Content starts
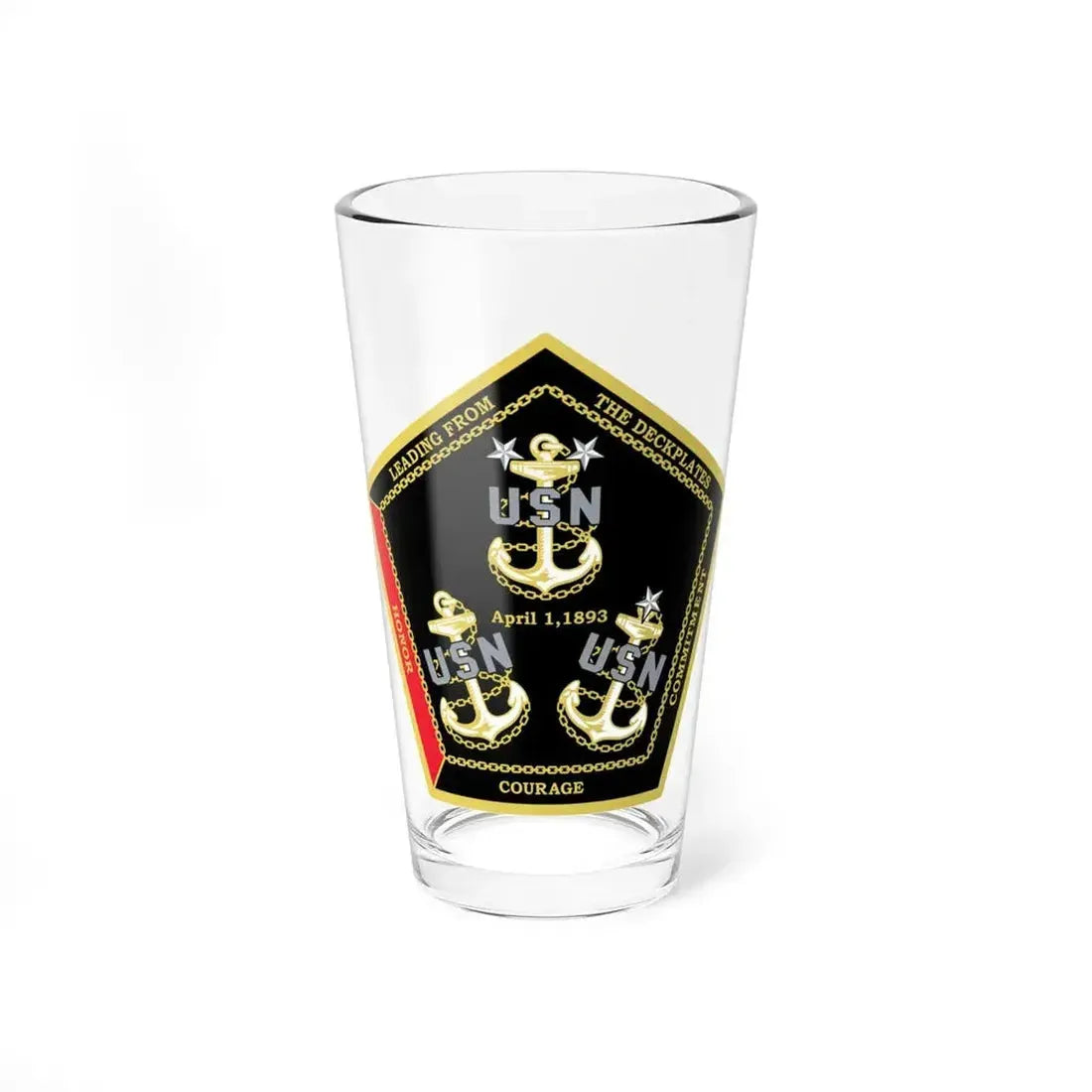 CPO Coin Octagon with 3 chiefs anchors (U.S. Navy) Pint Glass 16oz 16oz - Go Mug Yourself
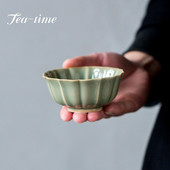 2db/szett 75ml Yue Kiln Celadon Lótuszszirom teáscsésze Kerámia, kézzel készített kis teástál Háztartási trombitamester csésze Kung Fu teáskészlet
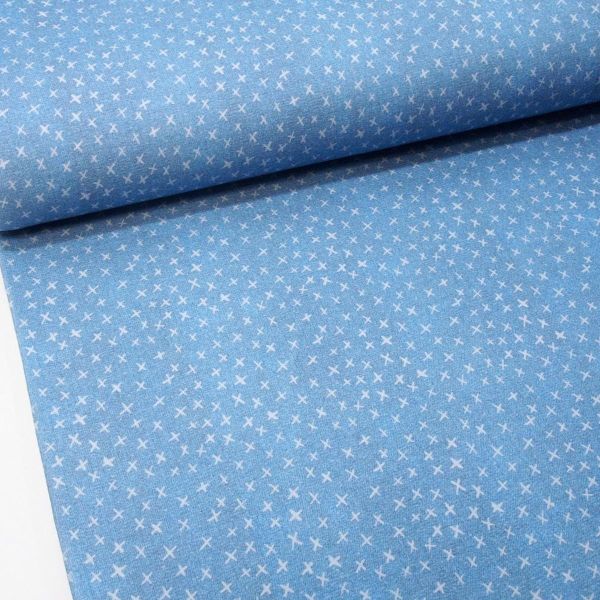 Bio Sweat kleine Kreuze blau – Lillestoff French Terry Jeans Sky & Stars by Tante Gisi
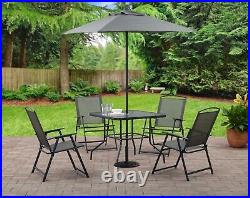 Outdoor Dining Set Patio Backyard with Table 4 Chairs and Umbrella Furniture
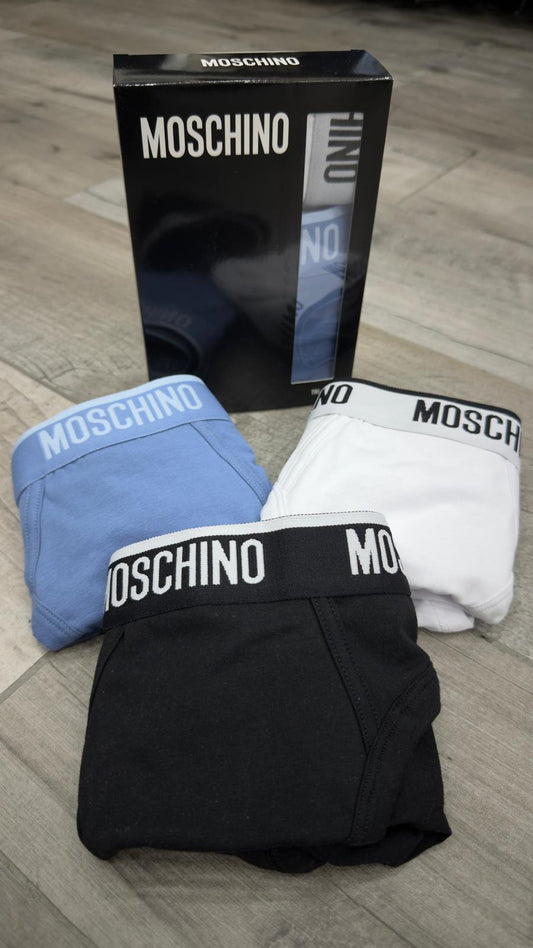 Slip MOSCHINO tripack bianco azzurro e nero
Content ends
> _Work instruction_: Please output the listing above exactly from its first line through the line with "Outdoor Dining Set", both included, and nothing beyond that line. Omit pictures.

> _Task response_:
 CPO Coin Octagon with 3 chiefs anchors (U.S. Navy) Pint Glass 16oz 16oz - Go Mug Yourself
 2db/szett 75ml Yue Kiln Celadon Lótuszszirom teáscsésze Kerámia, kézzel készített kis teástál Háztartási trombitamester csésze Kung Fu teáskészlet
 Bio Sweat kleine Kreuze blau – Lillestoff French Terry Jeans Sky & Stars by Tante Gisi
 Outdoor Dining Set Patio Backyard with Table 4 Chairs and Umbrella Furniture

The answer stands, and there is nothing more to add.